The couple own and operate Warm Colors Apiary on South Mill River Road in South Deerfield, where Saturday they hosted the free event with lectures, a cooking demonstration, mead contest and honey and mead samplings.
“We do it to celebrate the honeybee. The honeybee is the only insect we get food from,” Bonita Conlon said. Beeswax also has a variety of uses, she said, including the candles the apiary sells, alongside honey, bee hives and queen bees.
“They’re like the Swiss army knives of the insect world,” Conlon said.
An Ohio native himself, Dan Conlon says Massachusetts and the area have strong beekeeping roots. The Rev. Lorenzo Langstroth, one-time minister of the Second Congregational Church in Greenfield, in the 1800s, invented what is now the world-standard artificial beehive.
Saturday afternoon, Hugh L’Etoile, 3, applied himself seriously to the comparative honey sampling. His sister Edith, 11∕2 months old, slept.

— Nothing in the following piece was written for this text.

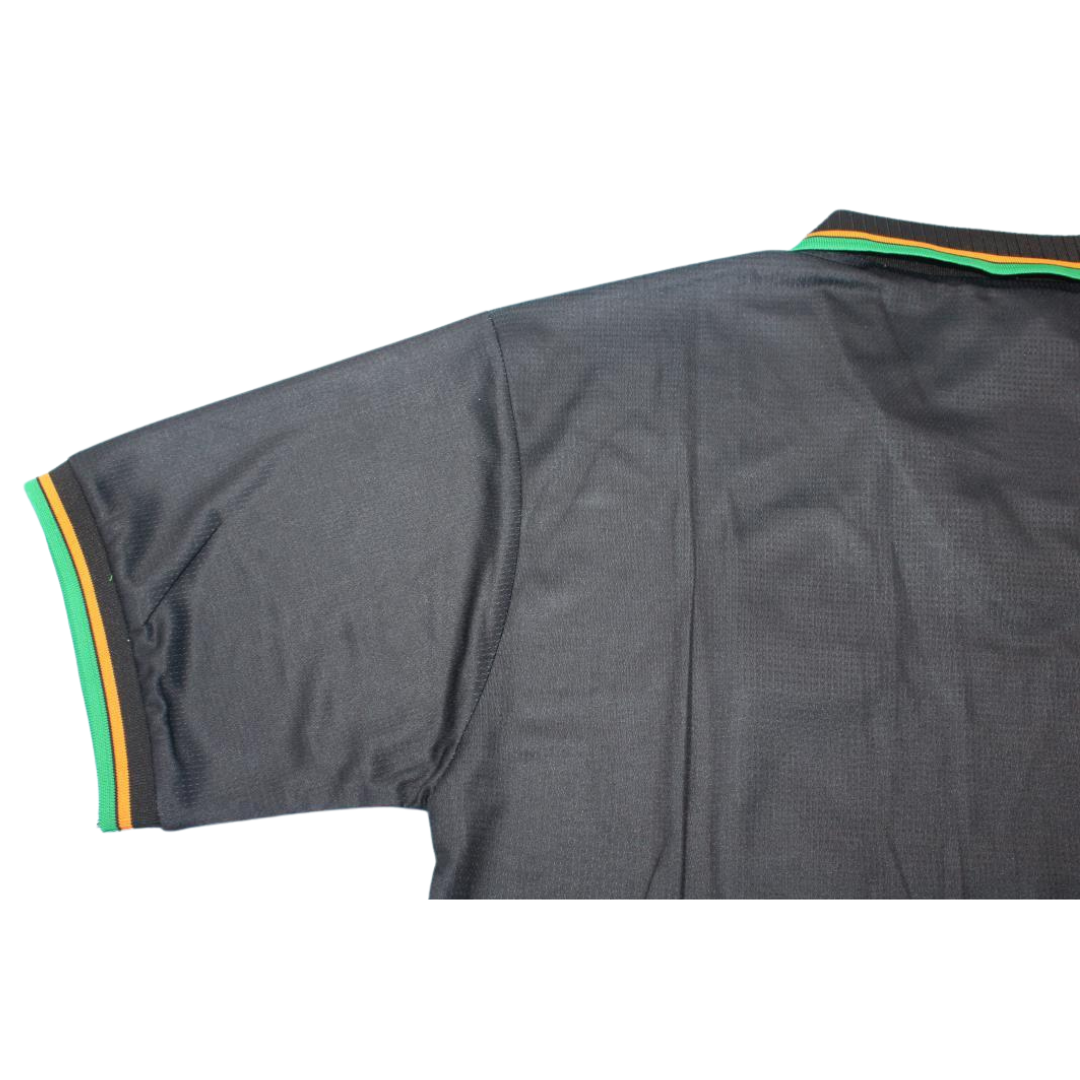 Camisa Retrô Venezia Home 1998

Their mother, Robin L’Etoile, said the family had just come to check it out. The L’Etoiles are farmers themselves in Northfield and while they do not raise bees they do grow buckwheat, among the favored honeybee food sources.
The bees forbore from demonstrating their other knife-like property, keeping mostly to themselves and to the sticky necks of honey bottles.
“I can’t think of anything better to do on a fall afternoon,” said Scott Franklin of Connecticut.
Franklin and Jill Morawski, also of Connecticut, attended the festival by chance, stopping off during a bicycle ride from Northampton on one of the several routes of the Northampton Cycling Club’s BikeFest. The two said they stopped taking the ride too seriously after repeated issues with flat tires delayed their start.
Others were there with a purpose. Will Savitri, a co-owner of Green River Ambrosia, delivered a lecture on the art of mead-making to more than a dozen listeners and quite a few in attendance were aspiring beekeepers, several having learned from Dan Conlon.
In addition to selling honey, Conlon breeds bees, teaches beekeeping and sells frame hives and bees.
Student Nick Moscaritolo of Greenfield said he recently took a course in beekeeping offered by Clifford Hatch of Upinngil Farm because it showed up in the Greenfield Community College course offerings, and has since begun to work part time for Dan Conlon and expects to sell his first batch of honey by the beginning of April.
“I love the outdoors. I like working with bees and having two thousand friends that buzz around,” he said.